— Problem requirements —
Begin at the line containing "Slide: The Image" in the data below and go on through the line containing "black and white", repeating each line exactly; include both ends and no other line.

*** Opening of Records shown ***

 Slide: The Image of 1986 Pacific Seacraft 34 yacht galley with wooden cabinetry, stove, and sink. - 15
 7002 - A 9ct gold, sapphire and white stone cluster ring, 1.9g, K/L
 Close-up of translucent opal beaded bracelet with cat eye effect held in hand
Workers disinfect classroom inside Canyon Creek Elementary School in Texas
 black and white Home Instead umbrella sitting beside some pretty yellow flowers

*** Close of Records shown ***
*** Opening of Records shown ***

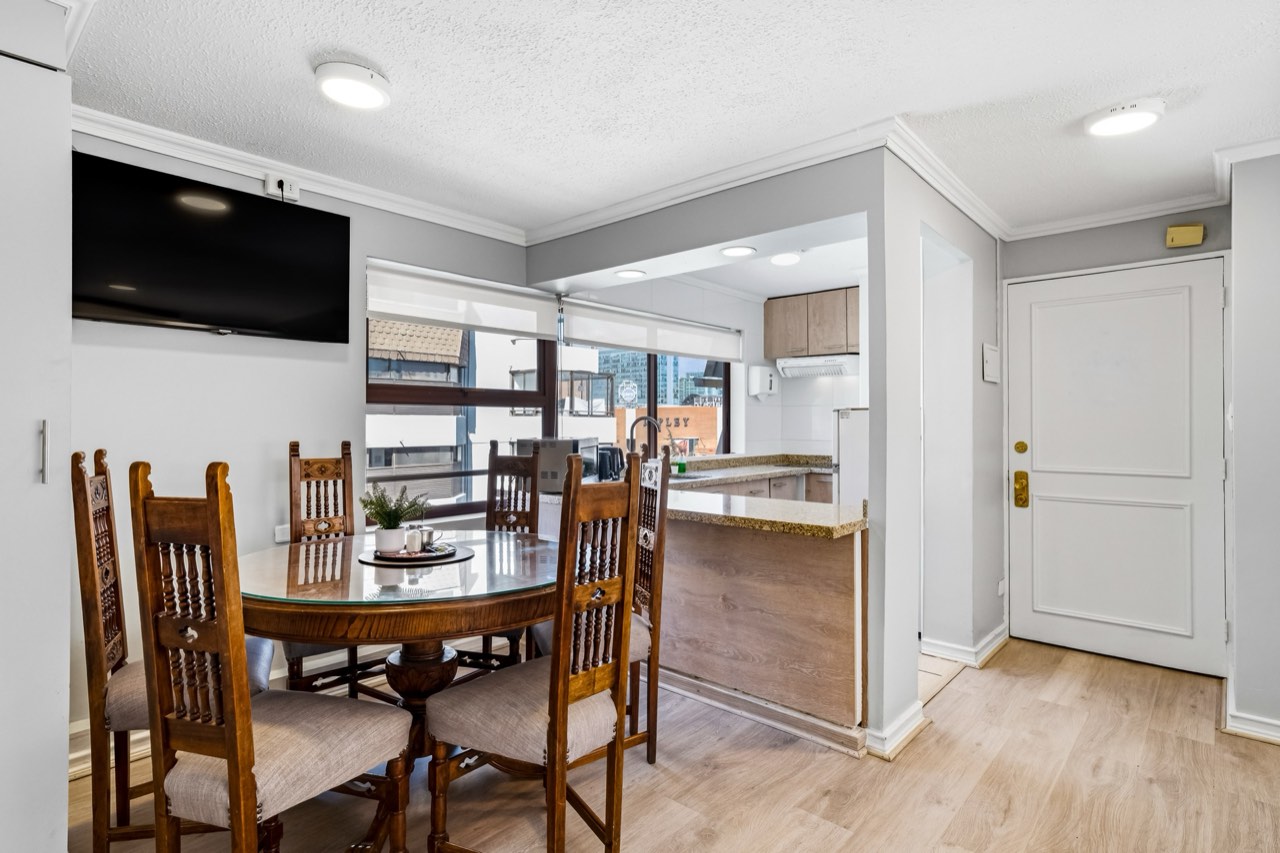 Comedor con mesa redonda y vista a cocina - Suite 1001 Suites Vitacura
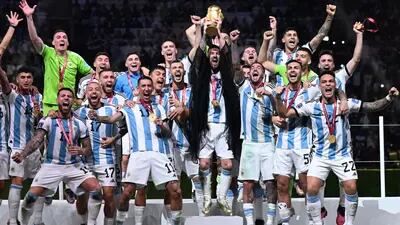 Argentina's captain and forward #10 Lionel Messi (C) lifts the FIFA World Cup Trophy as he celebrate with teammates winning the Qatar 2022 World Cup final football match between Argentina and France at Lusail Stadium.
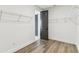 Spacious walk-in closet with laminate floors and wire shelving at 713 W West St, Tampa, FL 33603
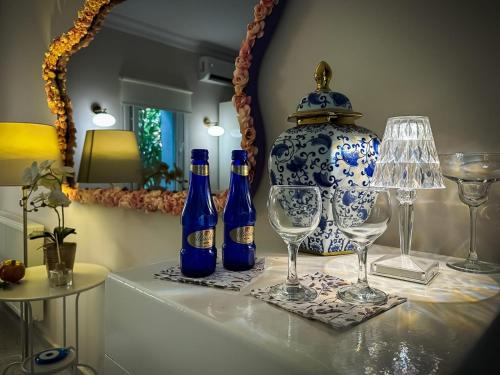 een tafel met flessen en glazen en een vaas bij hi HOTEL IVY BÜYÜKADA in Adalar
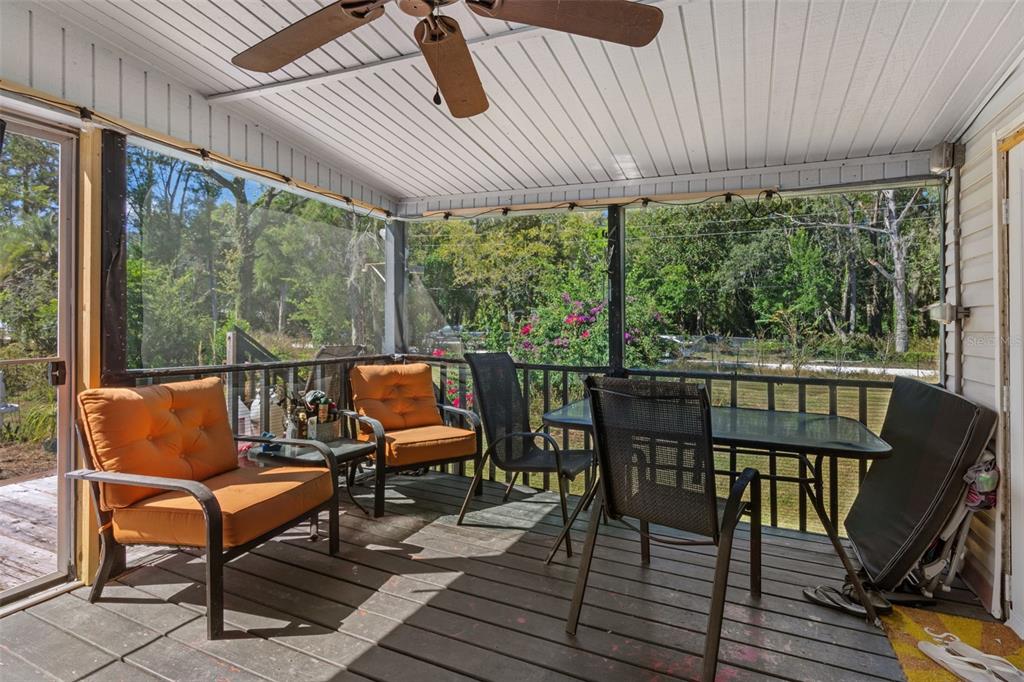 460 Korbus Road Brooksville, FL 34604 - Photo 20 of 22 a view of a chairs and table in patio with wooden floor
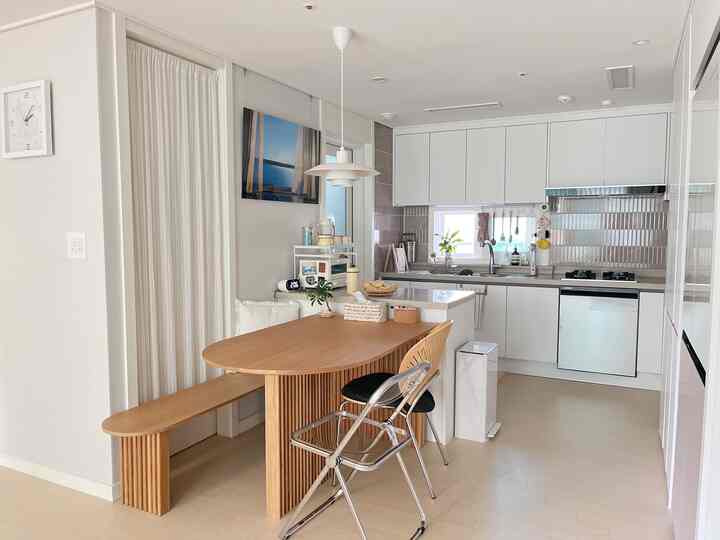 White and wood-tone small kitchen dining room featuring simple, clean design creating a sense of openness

*** Close of Records shown ***

— Solution to this exercise —
 Slide: The Image of 1986 Pacific Seacraft 34 yacht galley with wooden cabinetry, stove, and sink. - 15
 7002 - A 9ct gold, sapphire and white stone cluster ring, 1.9g, K/L
 Close-up of translucent opal beaded bracelet with cat eye effect held in hand
Workers disinfect classroom inside Canyon Creek Elementary School in Texas
 black and white Home Instead umbrella sitting beside some pretty yellow flowers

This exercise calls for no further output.